*TASK OBJECTIVE*:
Skip the pictures. Output only the lines below starting at the line with "(LP Vinile) Kenny" and ending at the line with "Knowable Knowns; Unknowable", both ends included, exactly as they are.

*MATERIAL FOR THE TASK*:
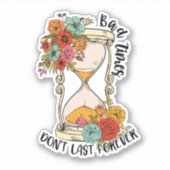 Bad Times is niet altijd positief Sticker (Voorkant)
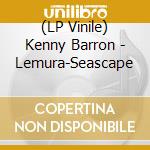 (LP Vinile) Kenny Barron - Lemura-Seascape vinile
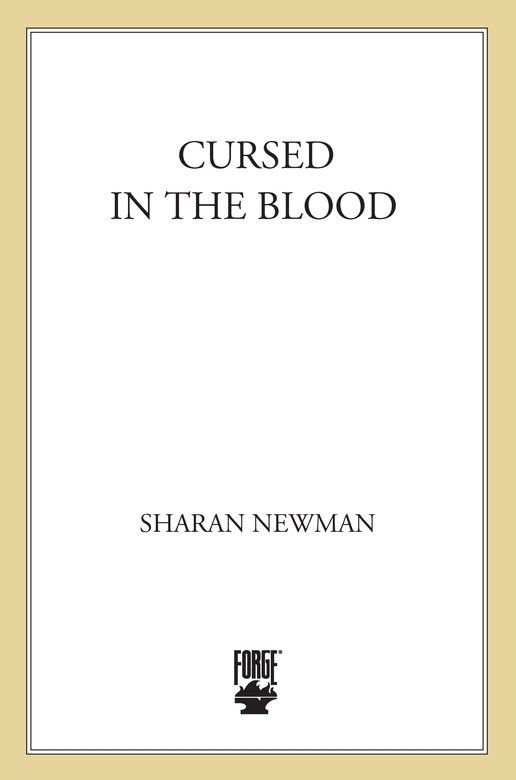 Cursed in the Blood: A Catherine LeVendeur Mystery by Newman, Sharan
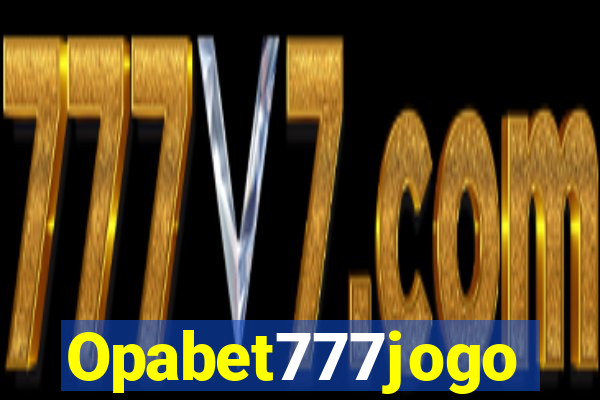 Opabet777jogo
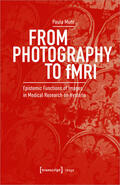 Muhr |  From Photography to fMRI | eBook | Sack Fachmedien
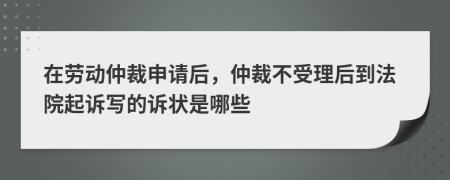 在劳动仲裁申请后，仲裁不受理后到法院起诉写的诉状是哪些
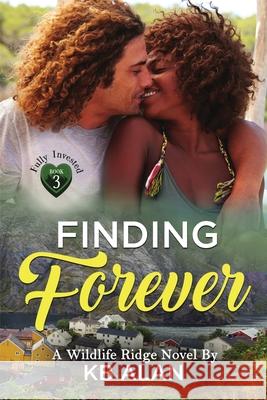 Finding Forever Kb Alan 9781955124027 Second Shift Publishing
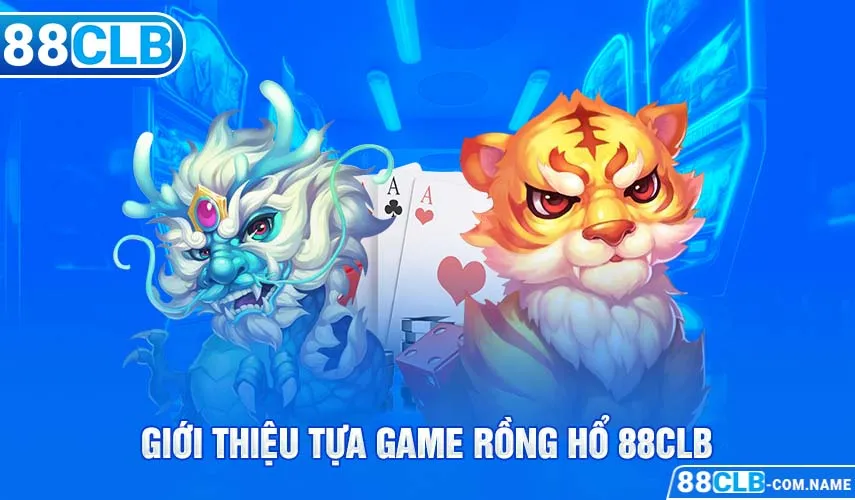 Rồng Hổ 88CLB | Cách Trở Thành Cao Thủ Trên Bàn Chơi Giới thiệu tựa game rồng hổ 88CLB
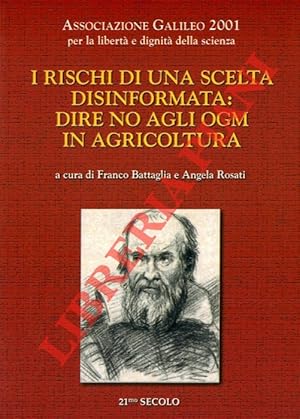 I rischi di una scelta disinformata: dire no agli OGM in agricoltura.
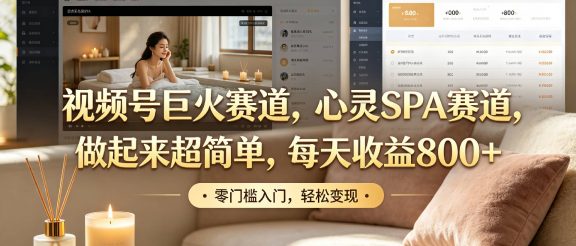 视频号巨火赛道，心灵SPA赛道，做起来超简单，每天收益800+！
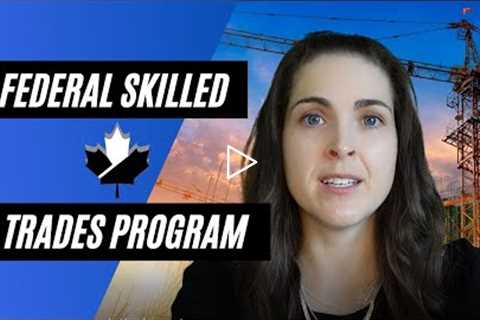 The Canadian Federal Skilled Trades Program - Apply through Express Entry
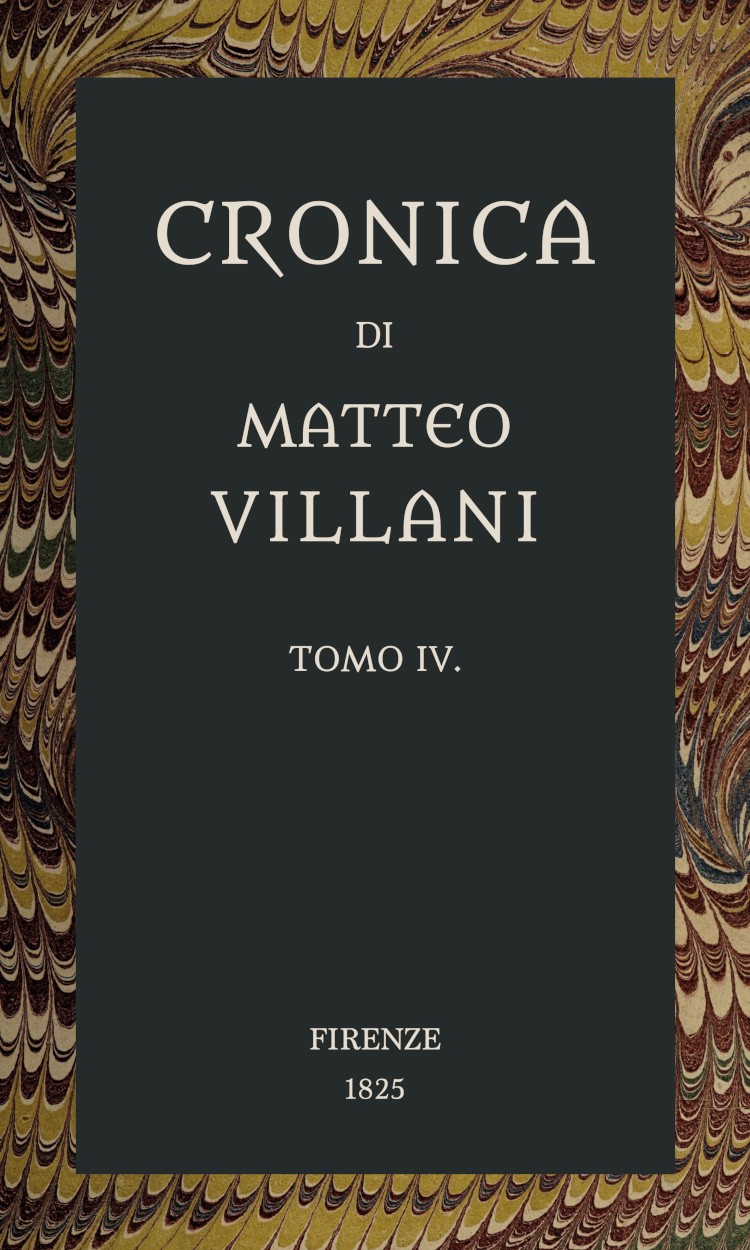 Cronica Di Matteo Villani, Vol. 4a Miglior Lezione Ridotta Coll'aiuto De' Testi a Penna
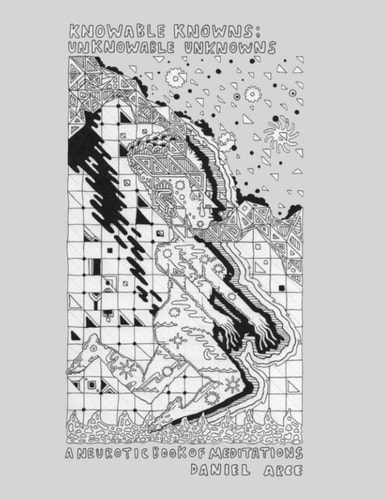 Knowable Knowns; Unknowable Unknowns A Neurotic Book of Meditations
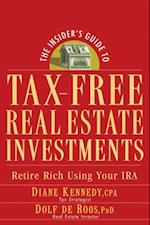 Insider's Guide to Tax-Free Real Estate Investments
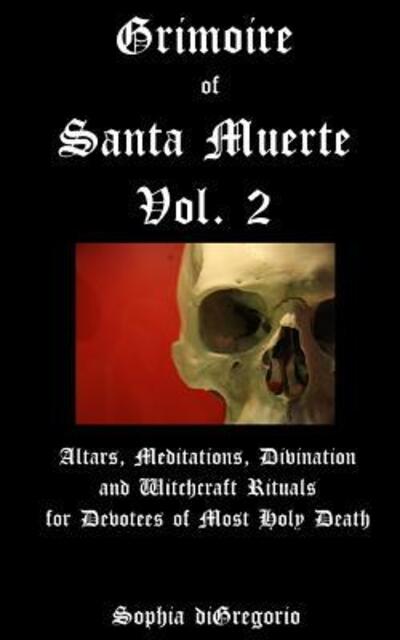 Cover for Sophia diGregorio · Grimoire of Santa Muerte, Vol. 2 (Paperback Book) (2016)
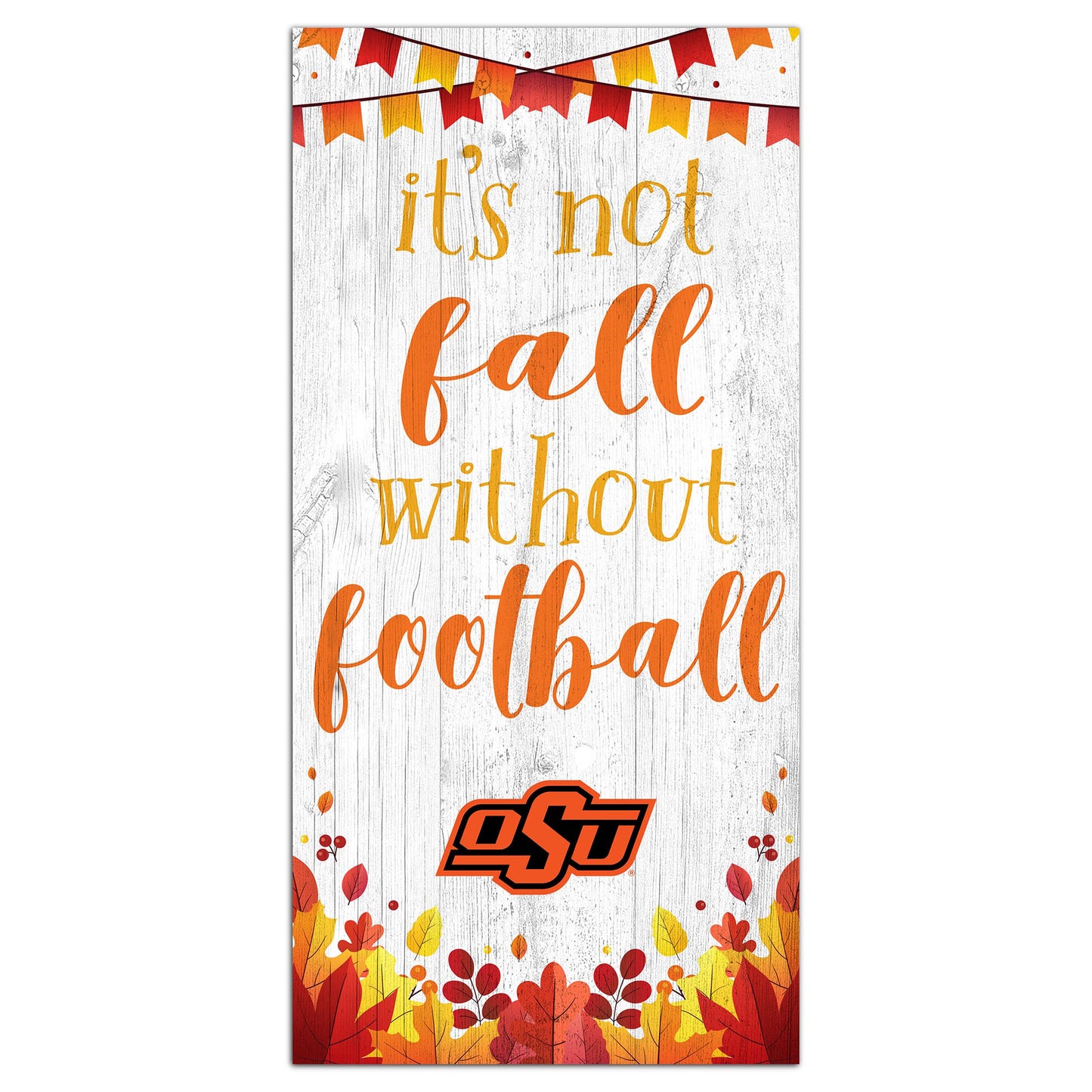 White Oklahoma State Cowboys 6'' x 12'' Not Fall Without Football Sign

*OUTPUT*:
 (LP Vinile) Kenny Barron - Lemura-Seascape vinile
 Cursed in the Blood: A Catherine LeVendeur Mystery by Newman, Sharan
 Opabet777jogo
 Muhr |  From Photography to fMRI | eBook | Sack Fachmedien
 在劳动仲裁申请后，仲裁不受理后到法院起诉写的诉状是哪些
 Finding Forever Kb Alan 9781955124027 Second Shift Publishing
 Rồng Hổ 88CLB | Cách Trở Thành Cao Thủ Trên Bàn Chơi Giới thiệu tựa game rồng hổ 88CLB
 I rischi di una scelta disinformata: dire no agli OGM in agricoltura.
 视频号巨火赛道，心灵SPA赛道，做起来超简单，每天收益800+！
 The Canadian Federal Skilled Trades Program - Apply through Express Entry
 Cronica Di Matteo Villani, Vol. 4a Miglior Lezione Ridotta Coll'aiuto De' Testi a Penna
 Knowable Knowns; Unknowable Unknowns A Neurotic Book of Meditations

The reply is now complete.